Wake sports conducted too close to shore may result in shoreline/lake bottom damage and personal injury to others enjoying the water nearby.
We provide below a set of graphics displaying the logos of supporting organizations in Vermont grouped by type: 1) conservation, non-profit and public service groups; 2) boating, camping and angling groups; and 3) municipal bodies and commissions.
1. Vermont Conservation Non-Profit and Public Service Groups
The ten Vermont-based conservation and public service groups in the figure below have worked diligently to strengthen Vermont’s national reputation, established half a century ago, of supporting environmental and conservation efforts. Notable among this group are the Vermont Natural Resources Council, Audubon Vermont, the Vermont Center for Ecostudies, the Connecticut River Conservancy, the Vermont Chapter of the Sierra Club, the Federation of Vermont Lakes and Ponds, and Vermont Public Interest Research Group.

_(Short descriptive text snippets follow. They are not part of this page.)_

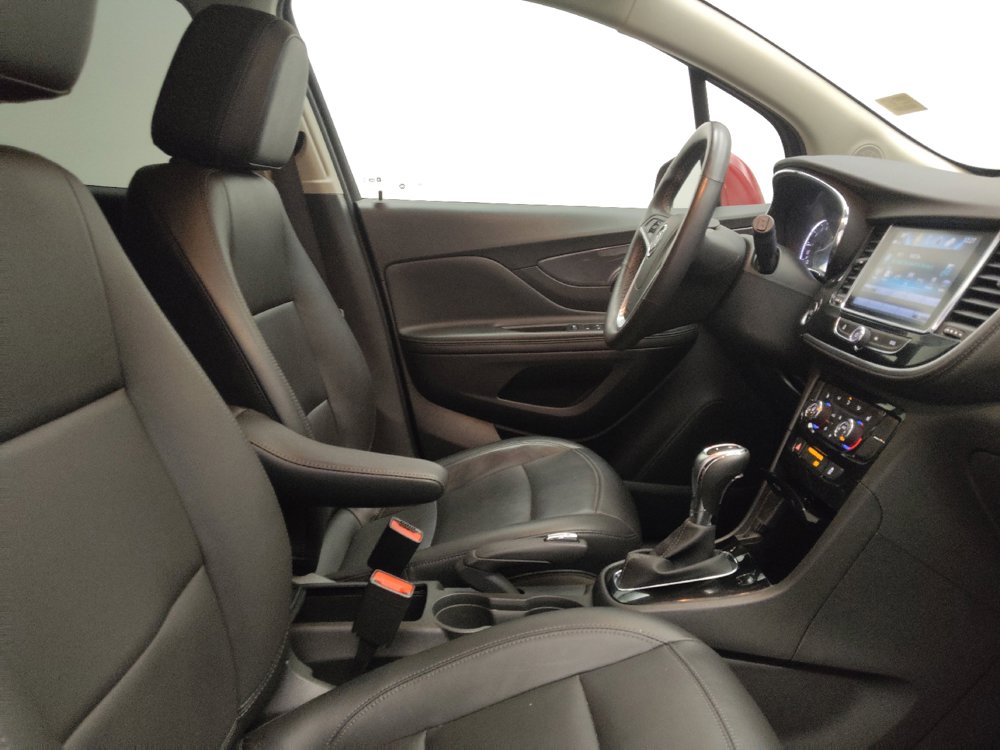 Used 2019 Buick Encore Essence FWD image 21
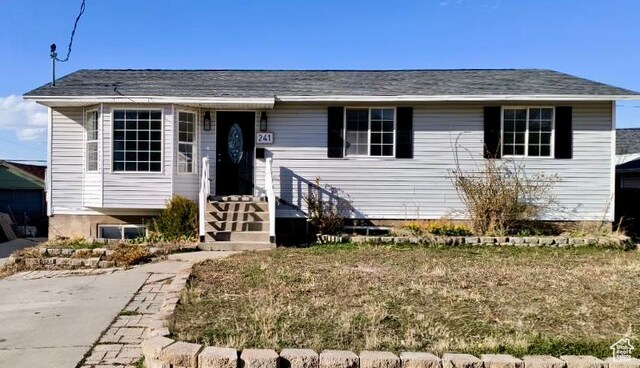 view of front of house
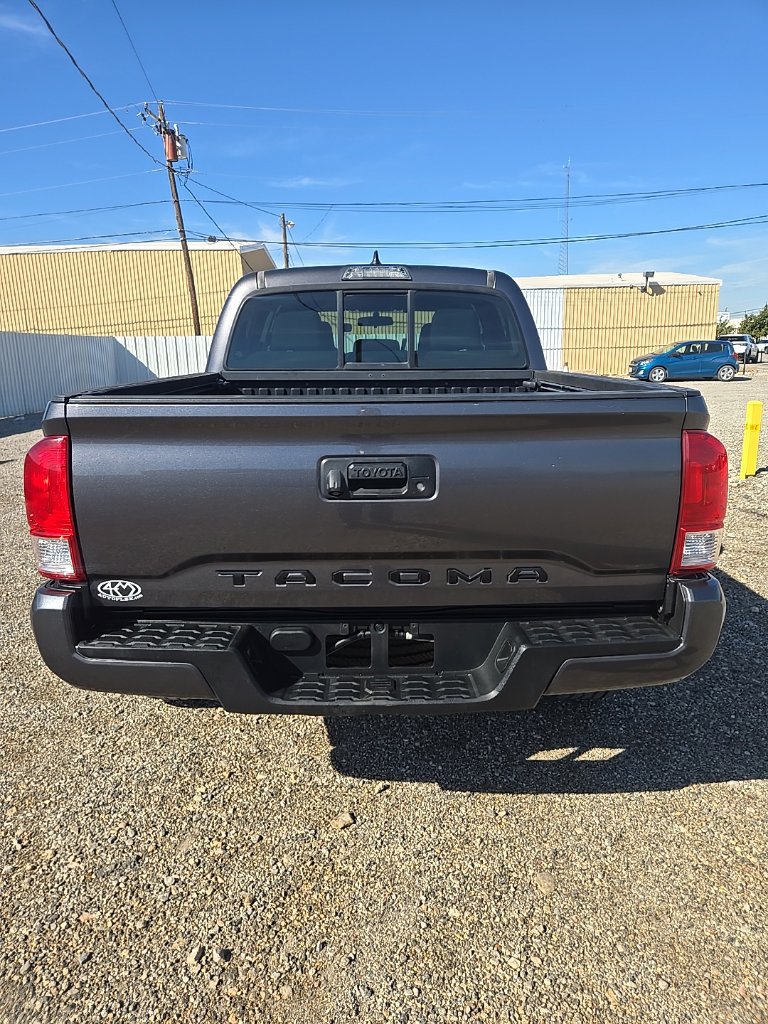 Used 2017 Toyota Tacoma SR w/ SR Convenience Package RWD image 4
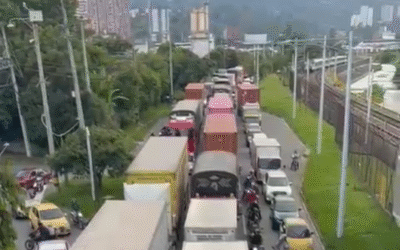 Tremendo trancón en la avenida Regional, a la altura de Sabaneta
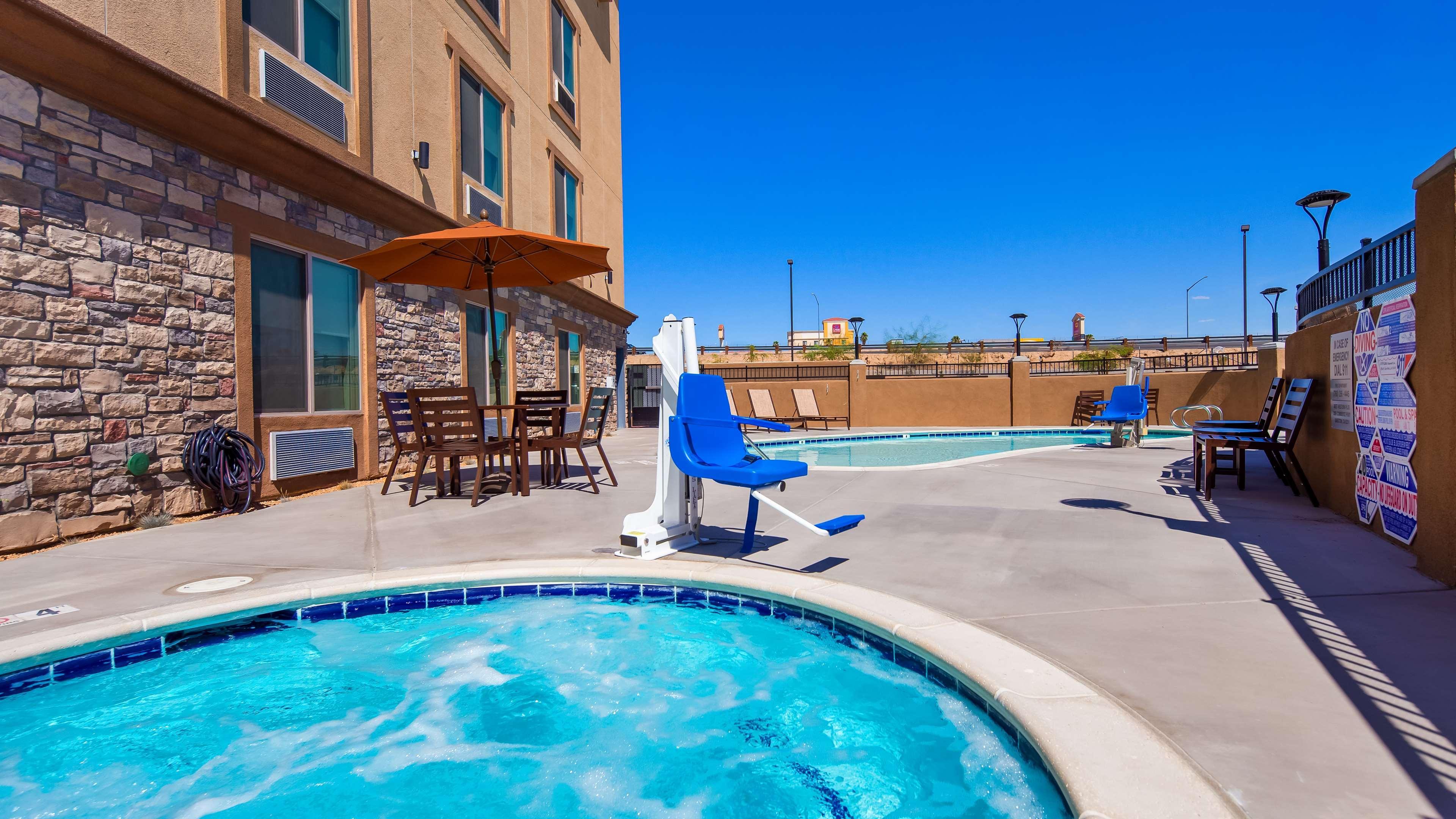 Best Western Plus New Barstow Inn & Suites Екстериор снимка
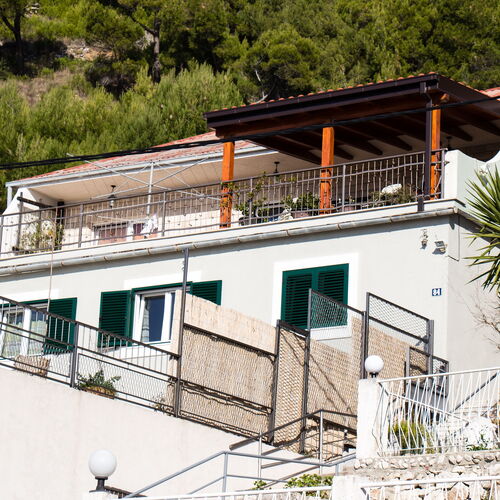 Apartmanok A Tenger Mellett Krilo Jesenice, Omis - 14459 Krilo Jesenice  2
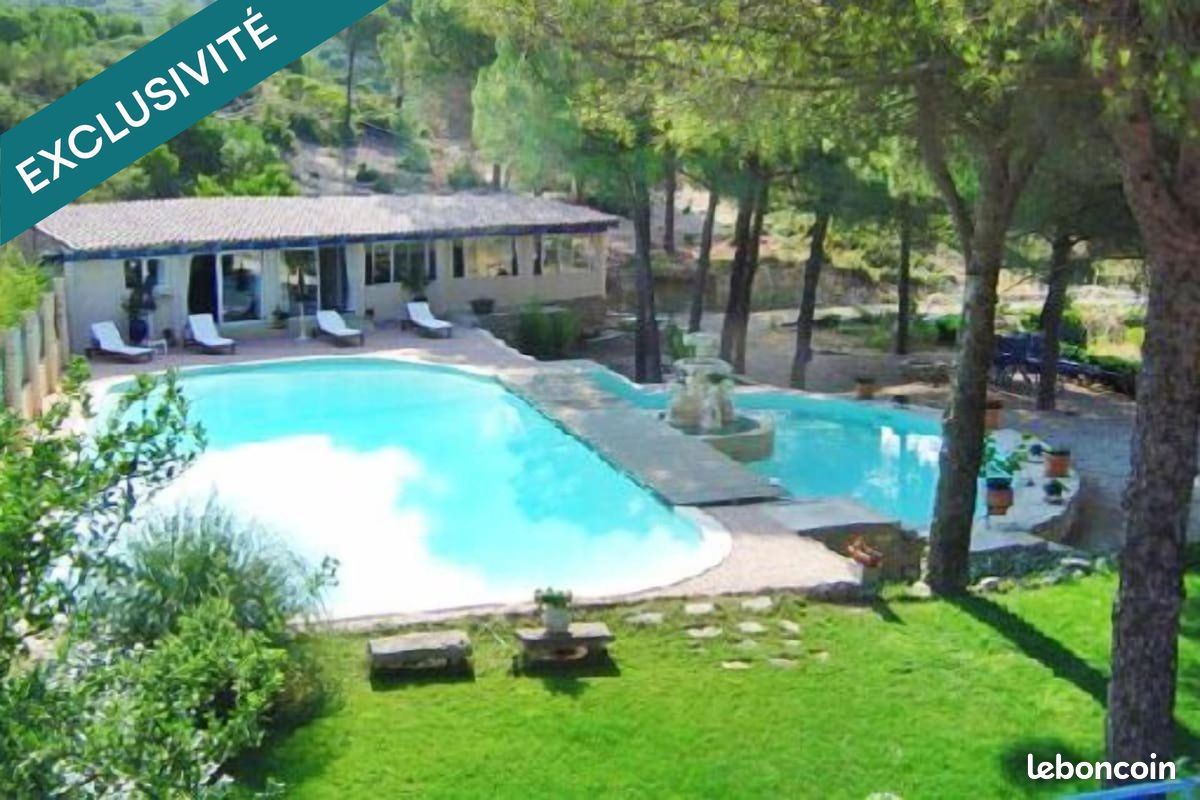 Maison 15 pièces 300 m² · à Clarensac · 300 m² · 1 250 000 €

Vermont’s well-deserved, non-partisan environmental reputation was earned largely due to the grass roots efforts of concerned, hardworking citizens. Their work contributed to the passage of several major pieces of legislation: the Billboard Ban in 1968 to prevent visual blight on the landscape that continues to impress those visiting Vermont, Act 250 in 1970 to manage environmentally sensitive development, the Bottle Bill in 1972 to address concerns about unsightly roadsides, and the Jet Ski Ban in 1997 to curb gas and noise pollution on lakes and to minimize disruptions to wildlife. We view Responsible Wakes’ petition to manage wake boats in Vermont as representing the next step in Vermont’s legacy as an environmentally friendly state that attracts visitors who share these values.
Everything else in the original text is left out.